I'm taking a class on creative thought, and this week the instructor asked us to focus on our one favorite color. 

One color, I thought. Just one? I love so many vibrant greens, deep dusky blues, fiery oranges, and bold yellows.  How could I choose one?  
But then she described it as the color you would grab in a house fire, and a voice in my head said very clearly, “orange.”  In fact it said it over and over every time the phrase came up.  House fire?  Orange.  Only rescue one color?  Orange.  Undeniably, unreservedly orange.  

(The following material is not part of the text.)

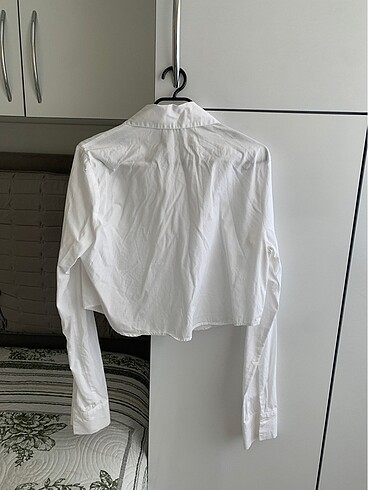 s Beden beyaz Renk pull&bear beyaz crop gömlek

When I looked at my art and around my house, and it was everywhere. Nothing pale or pastel.  Not much sherbet or peach to speak of, but the bold, bright oranges—cadmium, tangerine—and the deep, rich ones that seem to be layered over reds and maybe a hint of brown—rust, persimmon.  I checked my wardrobe and didn’t see much, and then with a pang I remembered my favorite orange boiled wool jacket that was torn beyond repair two years ago.  Wearing that jacket always made me feel simultaneously safe and bold.  (Now, of course, I’m on the hunt for a new one. If you know of the perfect one, be sure to give me a shout.)

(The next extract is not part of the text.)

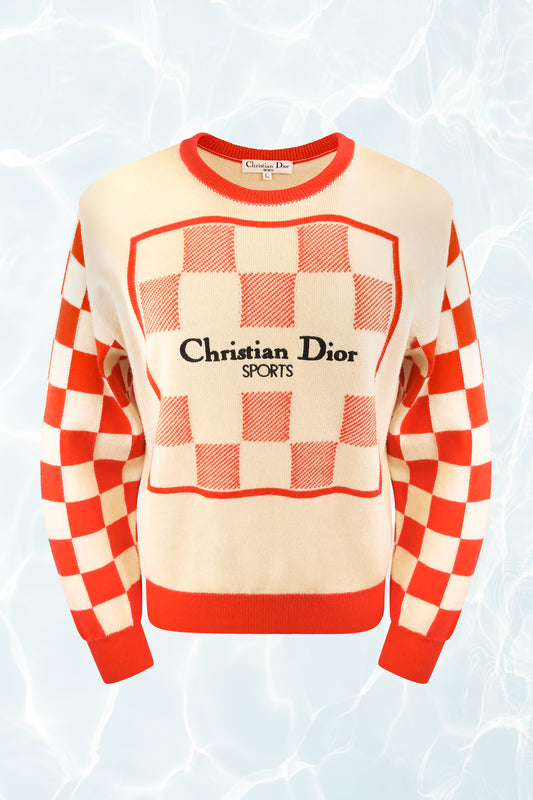 CD Sports Vintage 1980s Logo Check Print Sweater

So, why orange?  Why is it the color I can't live without? I’m not sure.  To me orange is a color that cannot be denied.  It is elemental.  It is the color of coals burning deep in a fire.  It is the color of rust blooming on a metal sign. And here in South Alabama, it is the color of the red clay dirt beneath our feet.  Like my jacket, using the color orange in art gives me the feeling of safety and boldness—the safety of being grounded to the earth, and the undeniable energy of a burning ember.

Now that I'm thinking about orange, I’m looking forward to using it with more insight. First, I'm going to make a few sampler pages to help me better understand the oranges in my arsenal.   I'll make one page of orange paints and other materials mixed with reds, one page of orange paints and other materials mixed with my yellows, and one page of oranges mixed entirely from my reds and yellows.  It sounds like a lot of work (and a lot of digging through disorganized supplies), but I’m excited!